# Building a set notation

1. May 8, 2013

### reenmachine

1. The problem statement, all variables and given/known data

The book I'm reading ask me to build a set notation for the following set: $\{-3/2 , -3/4 , 0 , 3/4 , 3/2 , 9/4 , 3 , 15/4 \}$.

3. The attempt at a solution

I attempted to build a set notation and came with the result:

$\{ x \in R : \exists y\in Z \ \ y(3/4)= x\}$

My idea is that the sequence is always +3/4 or -3/4 , therefore any number in Z multiplied by 3/4 will be an element of the set we're trying to notate.

2. May 8, 2013

### Dick

That's true enough, but the set your notation describes has an infinite number of elements.
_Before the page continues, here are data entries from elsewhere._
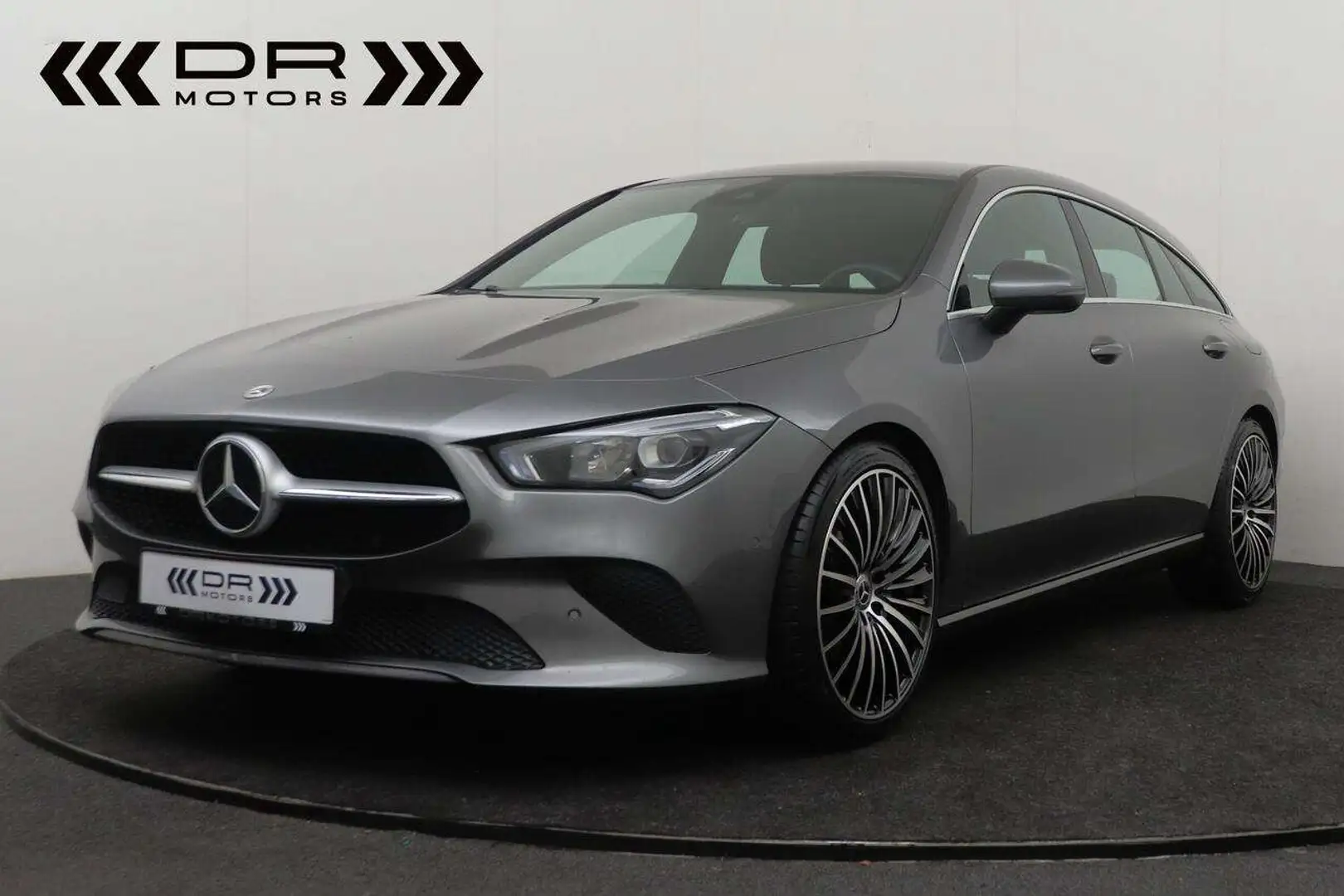 Mercedes-Benz CLA 180 7-GTRONIC BUSINESS SOLUTIONS- NAVI - LED- DAB Grigio - 1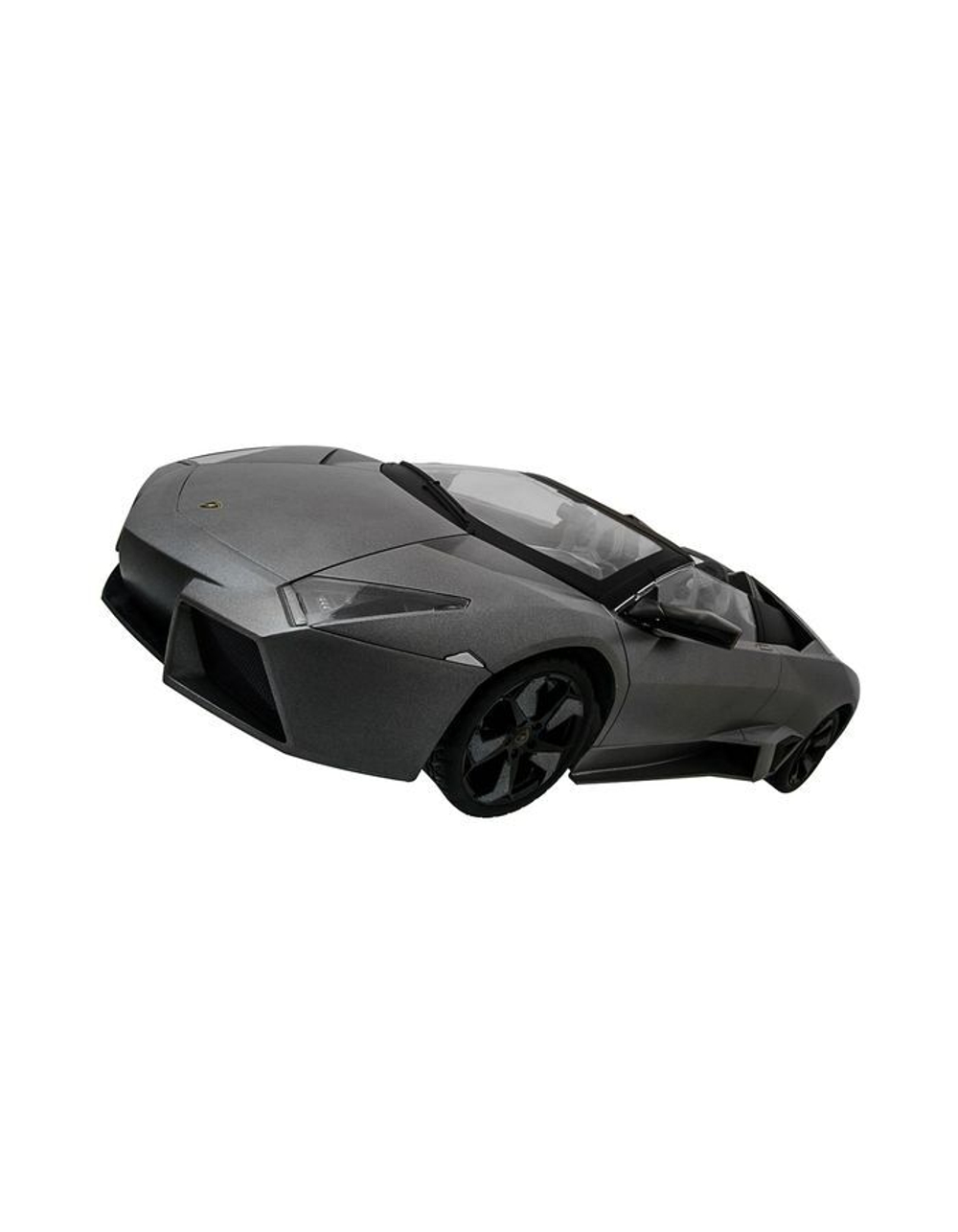Р/У машина MZ Lamborghini Reventon Roadster 2054M черный мат 1/10 + акб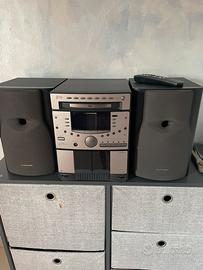 Mini hifi marantz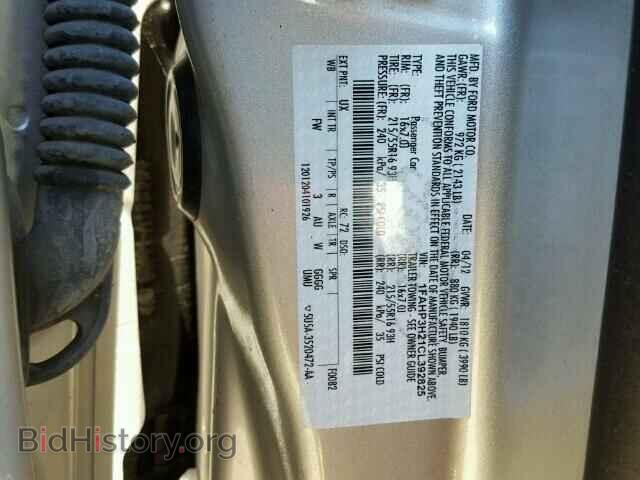 2012 FORD FOCUS - VIN: 1FAHP3H21CL392825 - Photo 10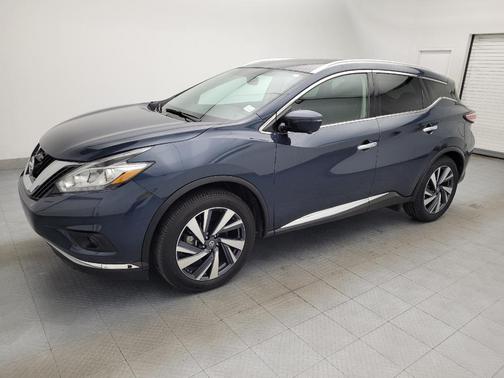 2017 Nissan Murano Platinum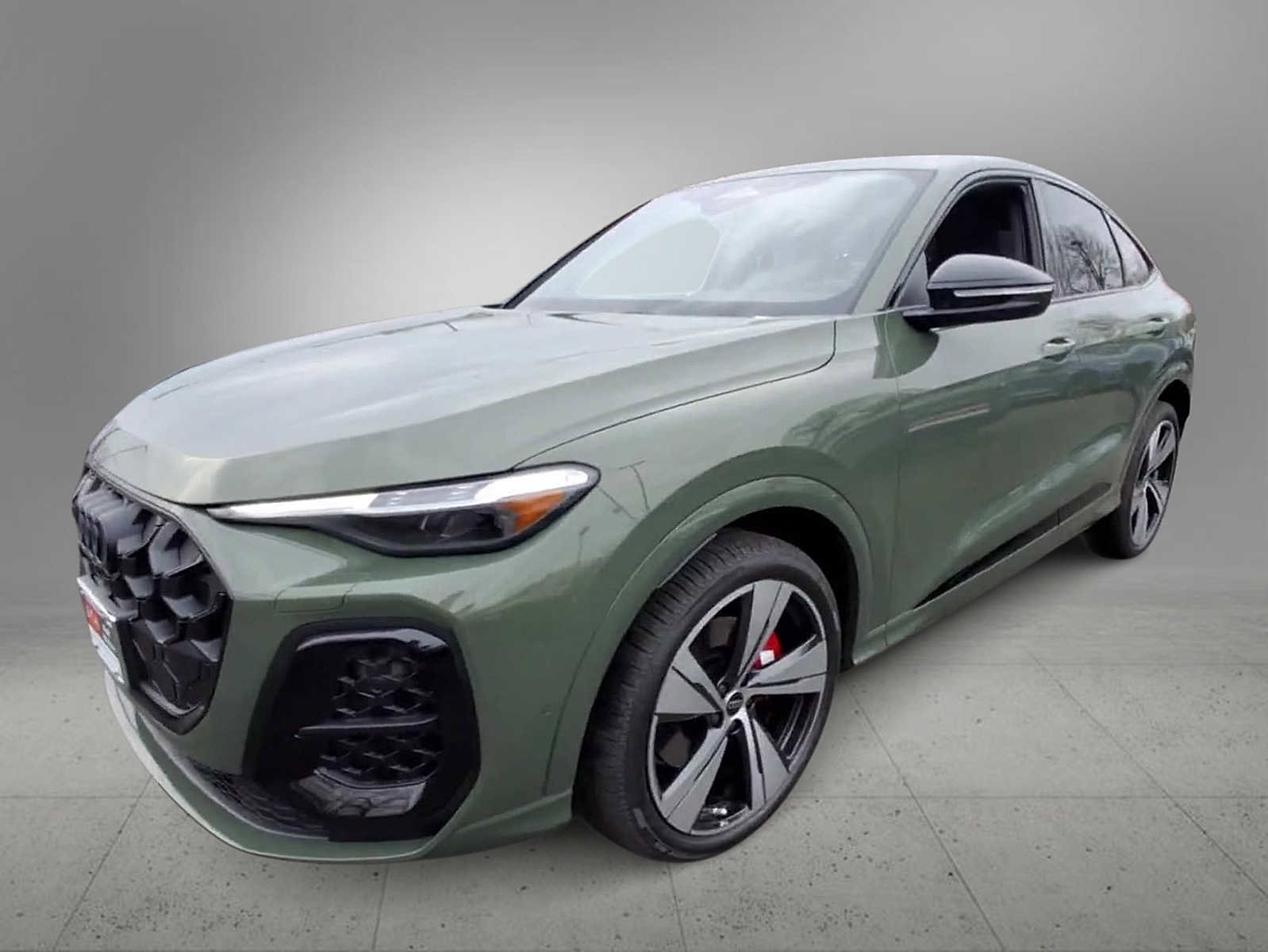 New 2025 Audi SQ5 Premium Plus image 4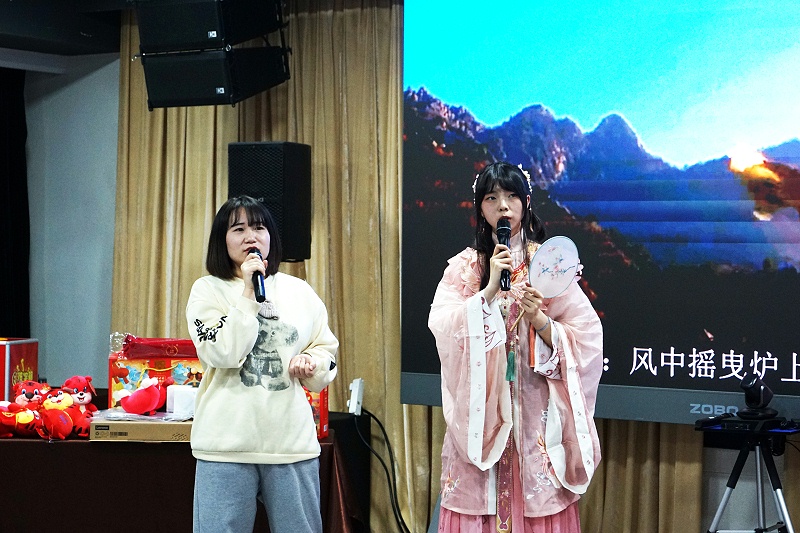 ZOBO麻豆影院91性欲2021年度工作总结表彰大会暨2022年迎新年会圆满举办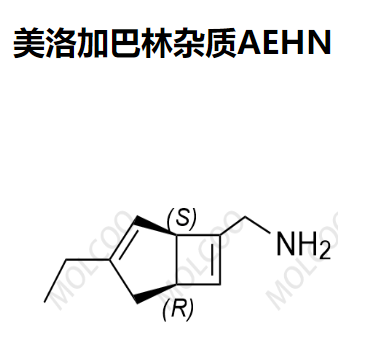 美洛加巴林杂质AEHN  	C10H15N   M049024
The original set you wrote down has only 8 elements. Your notation should be a little more specific. Or does the set you are trying to construct also have an infinite number of elements and you only showed 8 of them without a '...'?

3. May 8, 2013

### Fredrik

Staff Emeritus
There's also a way to simplify the notation. Fix the issue that Dick mentioned first, and then try to think of a way to simplify the notation.

4. May 8, 2013

### Dick

I agree. But I think the set reenmachine wants to describe probably has more than 8 elements. I was just trying to clear that up. It's not all that useful to describe small finite sets using set builder notation. Otherwise why not write {x:x∈{−3/2,−3/4,0,3/4,3/2,9/4,3,15/4}}?

5. May 8, 2013

### reenmachine

My apologies for the other thread , thought this one didn't work my computer crashed or something.

I made a mistake , the set I was supposed to find a notation for was the set $\{... , -3/2 , -3/4 , 0 , 3/4 , 3/2 , 9/4 , 3 , 15/4 , ...\}$.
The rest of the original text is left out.